The wounded bull Influences: President Clinton and Monica Lewinsky together may have less impact on the market than one man at the Federal Reserve.

September 11, 1998|By William Patalon III | William Patalon III,SUN STAFF Staff writer Bill Atkinson contributed to this article.

In the best of times -- unwarranted or not -- the U.S. president often finds himself getting credit for an economic boom or being made the scapegoat for recessions that lead to falling stock prices and lost jobs.

It's not that the president is irrelevant to the nation's economic fortunes: His administration crafts the budget, which helps set taxes and determines whether the nation will run a surplus or a deficit.

But it's the Federal Reserve that sets monetary policy -- interest rates -- which decides how much money is available to flow through the economy. Higher rates tighten the money supply, make borrowing more difficult, and can ratchet the country into recession. Lower rates boost the money supply and can lead to the kind of boom this country has enjoyed since 1991.

What's more, there's no longer just the U.S. economy to consider. We truly enjoy a world market, where the good or bad fortunes of one region can spill into another.

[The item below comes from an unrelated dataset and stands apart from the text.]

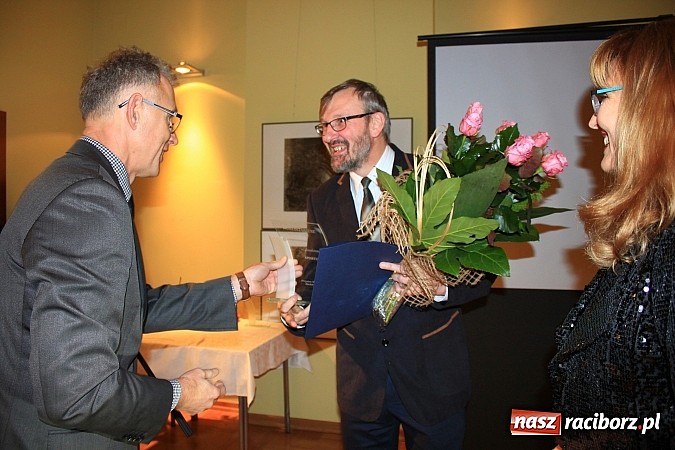 Zdjęcie w galerii na portalu naszraciborz.pl: Nagrodzono wyr&oacute;żniających się wolontariuszy wiadomości z regionu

For that reason, many economists say that blaming yesterday's 249.48-point drop in the Dow Jones industrials on the potential for impeachment now facing President Clinton is an incredible oversimplification. After all, the sex scandal involving former White House intern Monica Lewinsky has been in the news since early this year and the possibility that the president obstructed justice by trying to cover up the affair is not new either.

"I don't think people woke up this morning and said: 'Geez, the president's in trouble, I think I'll sell stocks,' " said Genio Staranezak, director of long-term forecasting for the WEFA Group, a forecasting firm based near Philadelphia.

Just as presidents are often credited or blamed for boom times or recessions, so too are they ascribed as the cause of rising or falling stock prices. Too often, however, the credit or criticism is unjustified. For instance, the Watergate crisis and President Richard M. Nixon were often blamed for the 1973-1974 bear market that clipped 43.6 percent off the Standard & Poor's 500 index. But the real cause was the Arab oil embargo, double-digit inflation and a tightening of credit used to combat the dangerous rise in the general level of prices. The result was a 16-month recession that started in November 1973.

At a time when investors are praying that the 18.4 percent drop in stock prices since July is merely a "correction" -- and not a full-fanged bear market -- they are once again looking for a simple cause for the demise of the longest-running and most-profitable bull market in stocks the nation has ever seen.

There isn't one.

While the Dow's fall leaves it short of the 20 percent drop that would technically qualify as a bear market, indexes that track the stocks of smaller companies are suffering even more.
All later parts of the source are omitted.